Et ça, ma bonne amie Annie peut témoigner. Ce n’est pas une mince tâche d’enseigner à nos enfants. Chacun tente de faire de son mieux, chaque enfant est différent, le temps passe vite, très vite. Une année scolaire au Québec, si on veut atteindre le même résultat ici, il faut travailler en chien (pardonnez-moi l’expression) Mon chum, qui tient autant que moi à ce que les filles maîtrisent le français, ne pourrait jamais y mettre autant d’ardeur avec les heures passées au travail.

Sur une note humoristique

Je veux amener une petite pointe d’humour avec des anecdotes qui sont arrivées en fonction de la langue… et pas juste l’anglais :

Ma grande nous racontait une blague que son professeur avait racontée à l’école. Elle a dit exactement : « How do you call a cow with no legs? » et elle a tout de suite ajouté : « Ça c’est une vache pas de pattes »… des fois que notre anglais ne serait pas à niveau je suppose! haha, nous avons bien aimé.

Dès que nous faisons un cinéma à la maison, ma plus jeune me dit toujours « il faut le mettre en français, sinon quoi? On va perdre notre français ». Je pense que le message est bien passé.

Un signe que la langue utilisée majoritairement prend vite le dessus, quand ma grande revient de l’école, elle dit souvent : « J’ai manqué Diablo » (notre chat). Au début, je ne comprenais pas… jusqu’à ce que je fasse la traduction inverse (I miss him). Je lui dit toujours que si elle l’avait manqué, il ne serait plus là! C’est encore un réflexe, mais au moins elle s’en rend compte.

Elle passe en moyenne 7h de vie anglophone par jour. Si je la laissais parler anglais à la maison, on se ferait assimiler et on chanterait « O say can you see… » chaque matin avant le déjeuner. Haha! J’exagère!

Une petite dernière avec… le français! Dans son cours de français, l’enseignante vient de Marseille et évidemment, nous n’utilisons pas toujours les mêmes mots. Ma grande nous a dit « tu sais comment mon prof appelle un autobus… eeeee…. eeeee… dans la langue qu’elle parle? Un bus! ». Je pense qu’elle n’osait pas dire « en français » étant donné qu’on parle français aussi, mais c’était très drôle!

On s’encourage!

Un matin ma plus vieille a dit : une dame va… J’ai demandé à mon chum si elle venait vraiment de LIRE un bout de phrase et par l’affirmative, j’ai sauté de joie. Elle semblait tellement heureuse de mon bonheur, elle a aussi éclaté de joie.
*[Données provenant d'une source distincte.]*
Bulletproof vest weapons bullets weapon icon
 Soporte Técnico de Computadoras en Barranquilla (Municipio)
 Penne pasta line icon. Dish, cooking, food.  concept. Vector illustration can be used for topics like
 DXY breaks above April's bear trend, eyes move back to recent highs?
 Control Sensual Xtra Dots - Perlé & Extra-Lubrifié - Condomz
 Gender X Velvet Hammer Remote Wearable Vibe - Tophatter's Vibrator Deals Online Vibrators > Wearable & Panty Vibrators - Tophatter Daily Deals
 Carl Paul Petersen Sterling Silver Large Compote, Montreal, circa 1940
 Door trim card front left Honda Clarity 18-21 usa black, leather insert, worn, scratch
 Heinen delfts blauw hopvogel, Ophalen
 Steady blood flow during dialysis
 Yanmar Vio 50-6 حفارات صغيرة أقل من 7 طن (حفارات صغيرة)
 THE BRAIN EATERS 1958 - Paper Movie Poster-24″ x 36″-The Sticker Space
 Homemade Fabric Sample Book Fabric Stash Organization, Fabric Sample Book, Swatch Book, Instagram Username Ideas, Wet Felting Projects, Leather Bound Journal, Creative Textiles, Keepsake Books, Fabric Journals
Je pense qu’avec ma réaction, elle sera encore plus motivée à réussir. Je suis très fière de ce qu’elle fait en anglais, d’autant plus que c’est une langue seconde assez récente, mais visiblement, je ne pouvais contrôler ma joie pour ce qu’elle améliore en français… mes racines québécoises faut croire!

Et pour terminer, je voudrais donner une petite tape dans le dos à tout ceux qui se donnent le mandat d’enseigner et de conserver la langue maternelle à la maison. Ça demande beaucoup de rigueur, d’heures d’études, de motivation et d’organisation.

Ces mamans que je connais, parce que la plupart des papas travaillent déjà très fort à l’extérieur, ont énormément de mérite! Ça en vaut tellement la peine.